Nach dem Fall der Mauer entbrannte im Umfeld der damaligen „Nationalen Mahn- und Gedenkstätte Sachsenhausen“ wie an anderen Orten mit „doppelter Vergangenheit“ ein erbitterter Streit über den Umgang mit den beiden Diktaturen.1 Insbesondere der Fund der Massengräber, die aus der Zeit der sowjetischen Speziallager stammten, sowie die politische Skandalisierung der Verbrechen führten zu einer Thematisierung der in der DDR tabuisierten und in Westdeutschland über Jahrzehnte vergessenen oder aber durch aktuelle Ereignisse des Kalten Krieges überlagerten Geschichte der sowjetischen Speziallager.

Die Politologin Petra Haustein behandelt in ihrer kommunikationstheoretisch fundierten Dissertation die Debatten und Konflikte um die Neukonzeption der Gedenkstätte, bei der diametral verschiedene Geschichtsbilder und Erfahrungshintergründe der verschiedenen Opfergruppen wie auch der beteiligten Gedenkstättenexperten aufeinanderstießen. Im Fokus der Diskussionen standen der Umgang mit dem staatlich legitimierten antifaschistischen Wertekanon der DDR sowie die historische Einordnung des sowjetischen Speziallagersystems, das in seinen „Ursachen und Funktionen im Schnittpunkt sowjetischer Reparations- und Besatzungspolitik, alliierter Entnazifizierung, kommunistischer Geheimdienst- und Lagerpraxis und zunehmender Sowjetisierung der SBZ/DDR“ stand (S. 209).

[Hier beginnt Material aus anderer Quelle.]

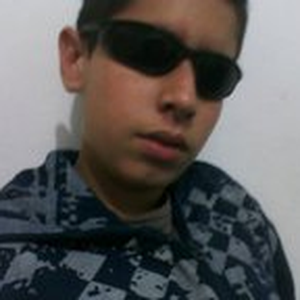 Foto de perfil de Emerson Rodrigues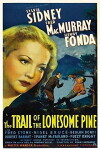 The Trail of the Lonesome Pine (1936)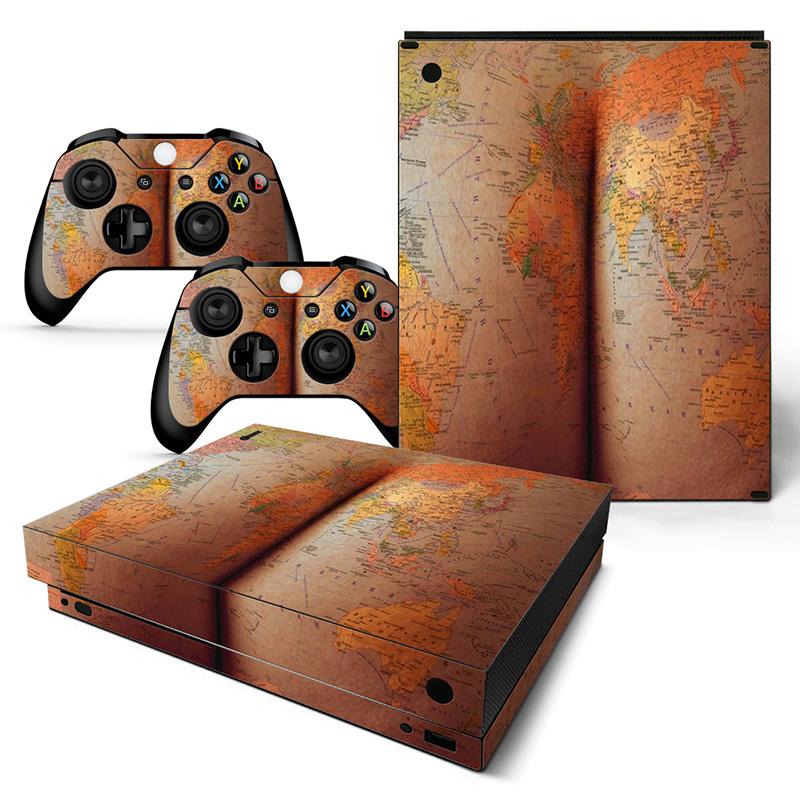 cheap Sexy skin for XBOX ONE x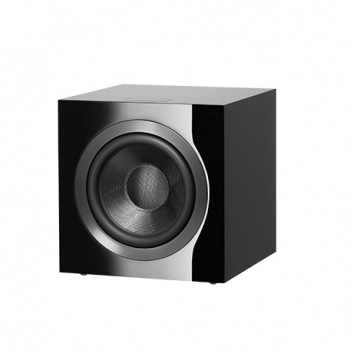 Активный сабвуфер Bowers & Wilkins DB4S (Black)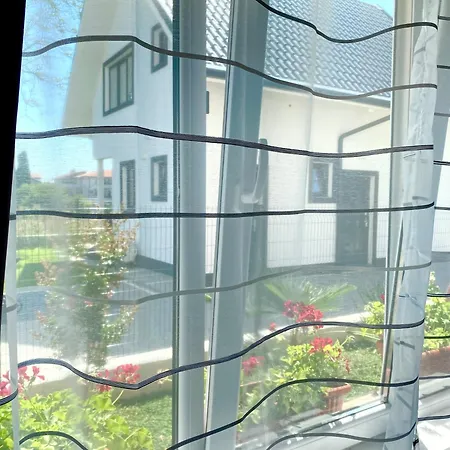 Apartment цветен рай, *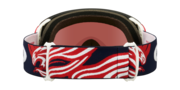 Flight Deck™ M Snow Goggles - Usoc Blazing Eagle
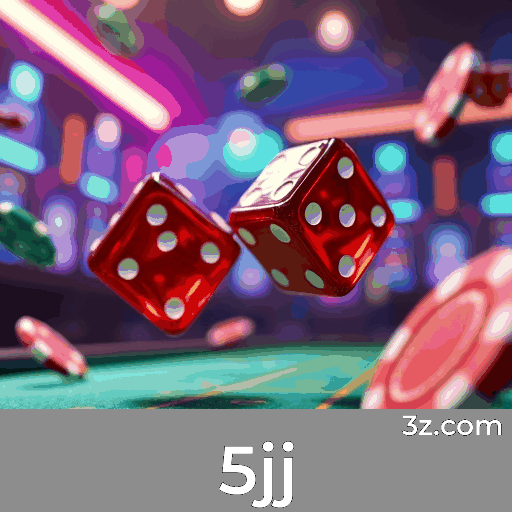 Mergulhe no Ambiente Envolvente do Cassino 5jj e Sinta a Emoção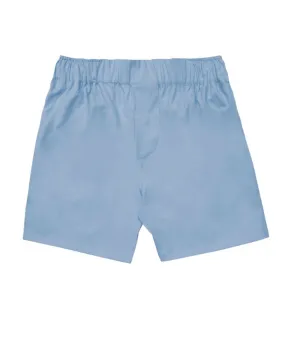 mens sleep short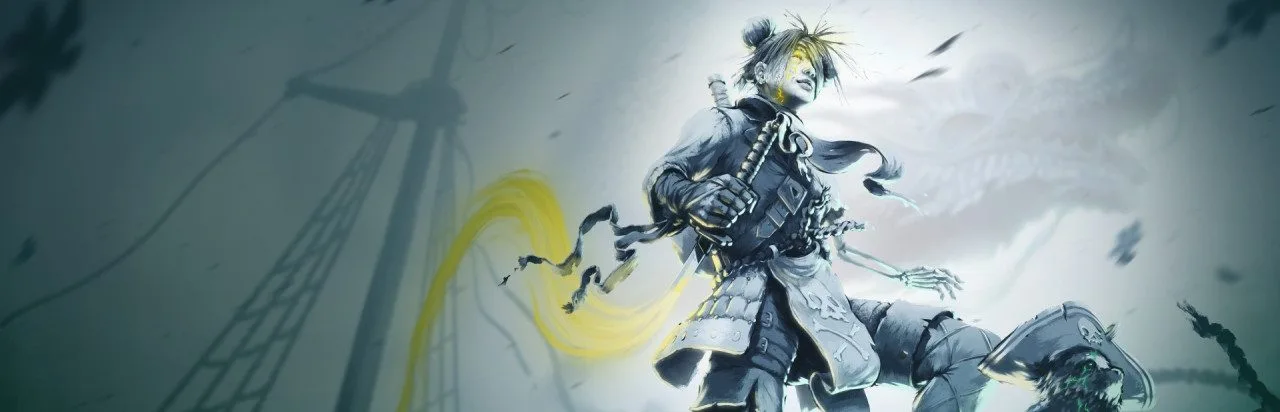 Shadow Gambit: Yuki's Wish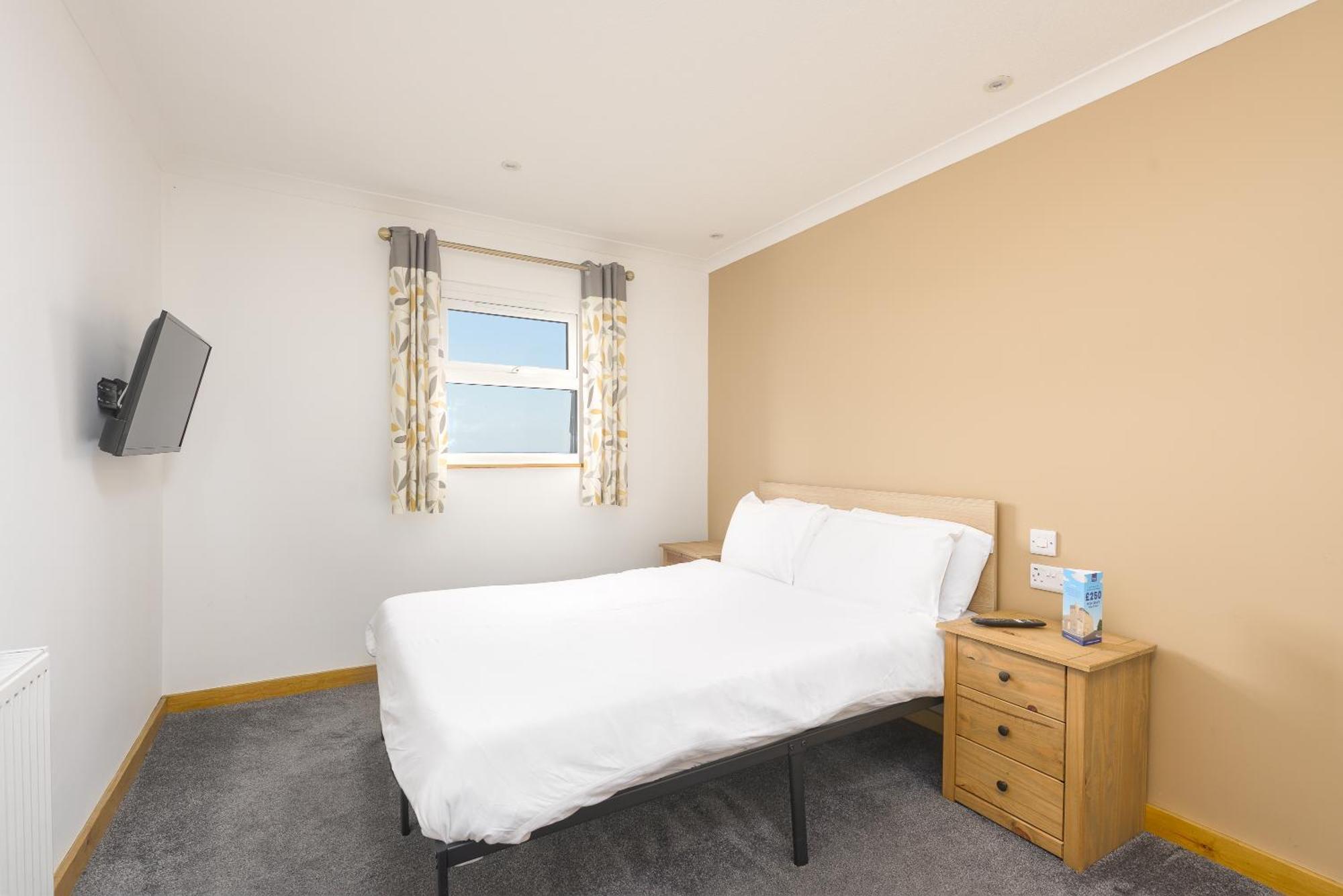 The Sandringham Hotel Weston-super-Mare Zewnętrze zdjęcie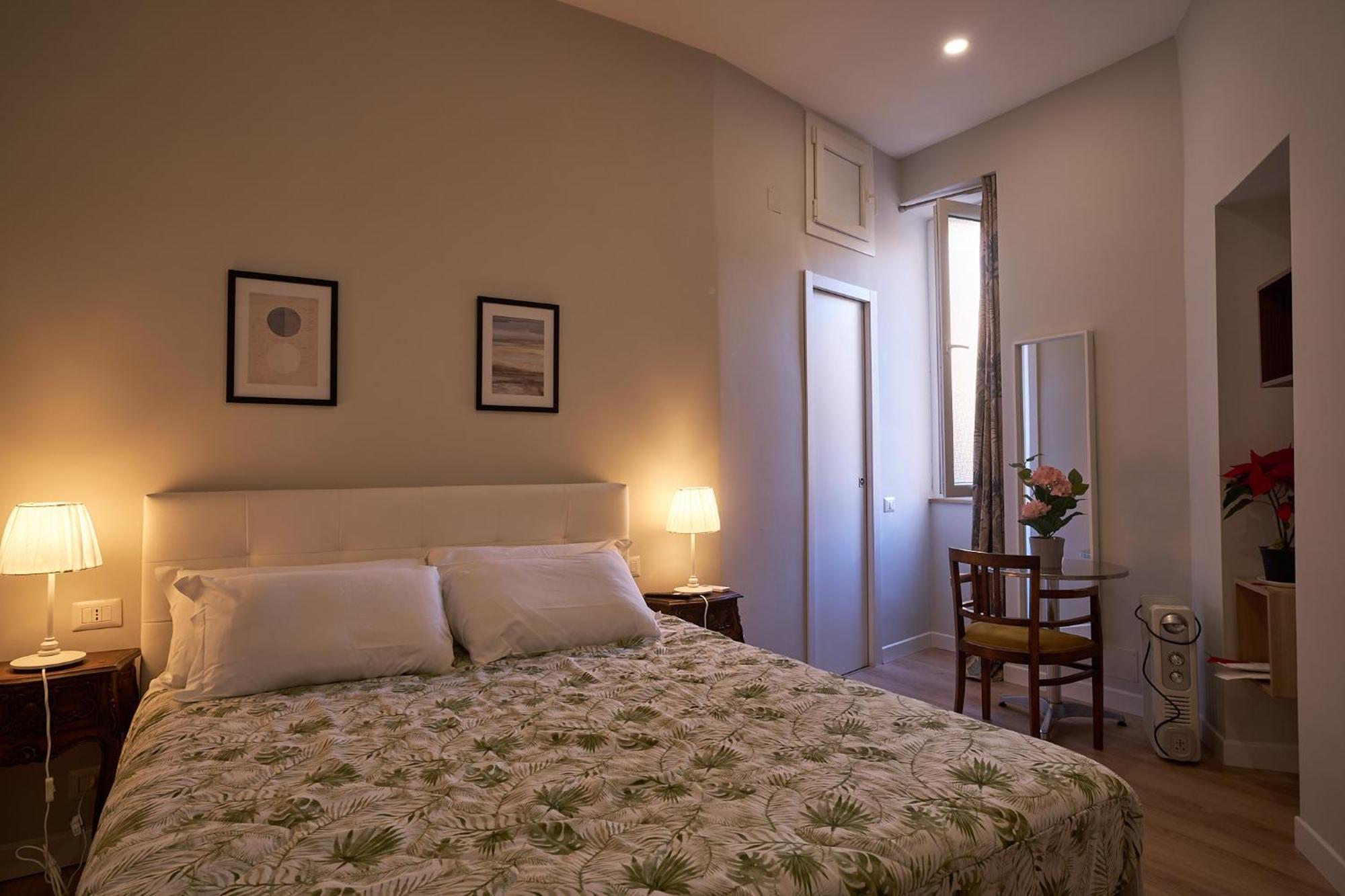Bonavista Inn 罗马 外观 照片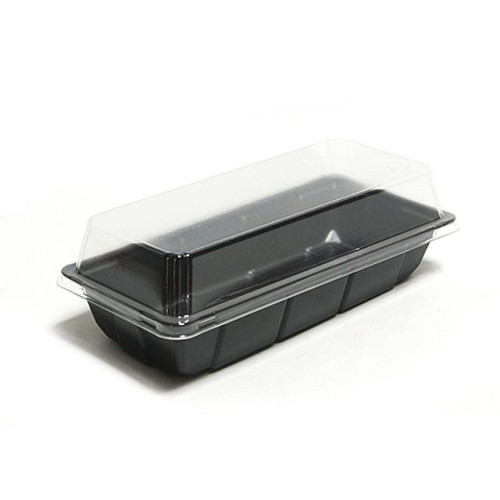 해우 피크닉박스 1호3set 찬합 핫도그 일회용품 김밥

Bereits unmittelbar nach der „Wende“ von 1989/90 trat die Erinnerungskonkurrenz der Verfolgtenverbände der KZ-Opfer und der Speziallagerhäftlinge deutlich zu Tage. Wie Haustein ausführt, betrachteten die Überlebenden des Konzentrationslagers Sachsenhausen die sowjetischen Lager als Folge des deutschen Angriffskriegs und alliierter Entnazifizierung, negierten aber die dem System eigenen Elemente stalinistischer Repression. Nach Ansicht der ehemaligen KZ-Häftlinge hatten sich die Speziallagerinsassen für ihre Taten in der NS-Zeit zu verantworten; die Inhaftierten galten als schuldig. Mittlere und kleinere Funktionsträger des NS-Systems, die zeitweise die Mehrheit im Speziallager bildeten, rückten nicht in den Blick. Insbesondere die ehemaligen kommunistischen NS-Verfolgten, deren Widerstand der staatlich gestützte Antifaschismus der DDR als legitimatorisches Element besonders betont hatte, fürchteten eine Entsorgung des für viele identitätsstiftenden Geschichtsbildes. Indem sie also die Rechtmäßigkeit der Speziallagerhaft betonten, gelang es ihnen, ihre antifaschistischen Wertvorstellungen zu bewahren.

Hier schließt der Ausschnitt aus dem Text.